Task description |
Exactly the lines from the line with "蓬溪灌浆料常见问题与解决方法" through the final line of the records below, both ends included, are to be set down. Do not include pictures.

#### Dataset records

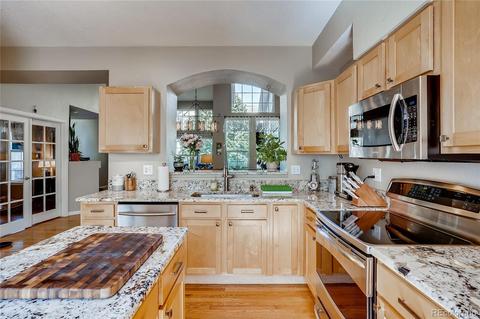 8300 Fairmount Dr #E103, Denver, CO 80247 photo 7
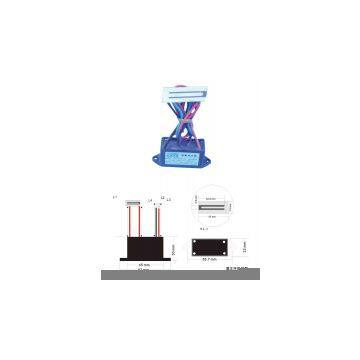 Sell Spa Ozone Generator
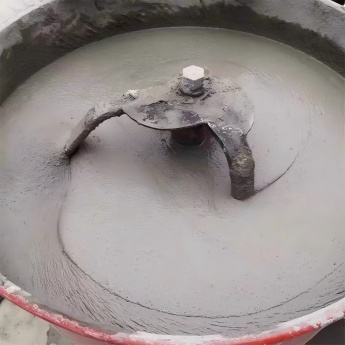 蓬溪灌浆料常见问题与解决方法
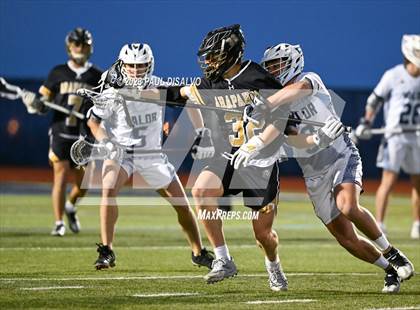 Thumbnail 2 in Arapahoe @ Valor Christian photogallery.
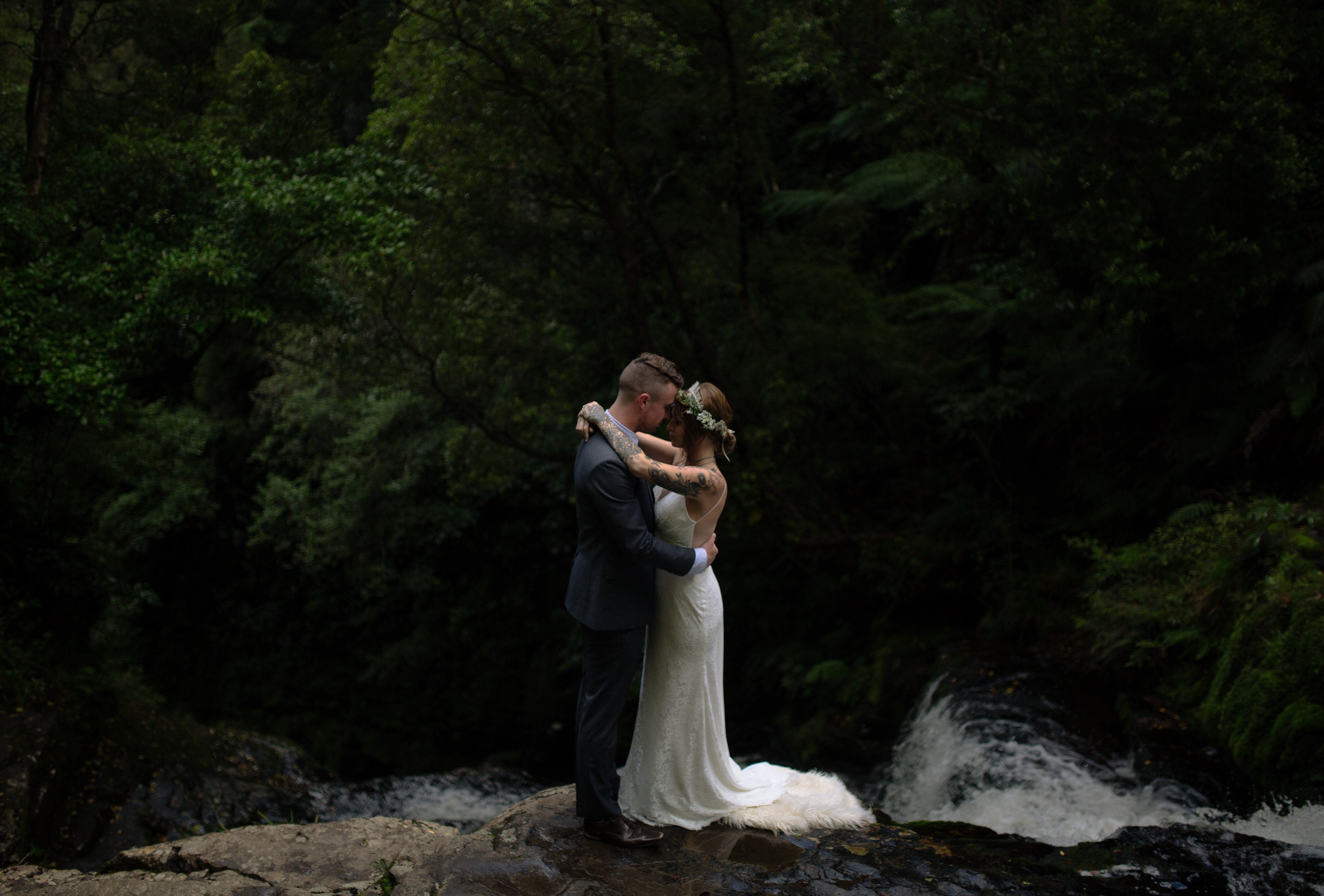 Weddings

########

Task answer |
 蓬溪灌浆料常见问题与解决方法
 Thumbnail 2 in Arapahoe @ Valor Christian photogallery.
 Weddings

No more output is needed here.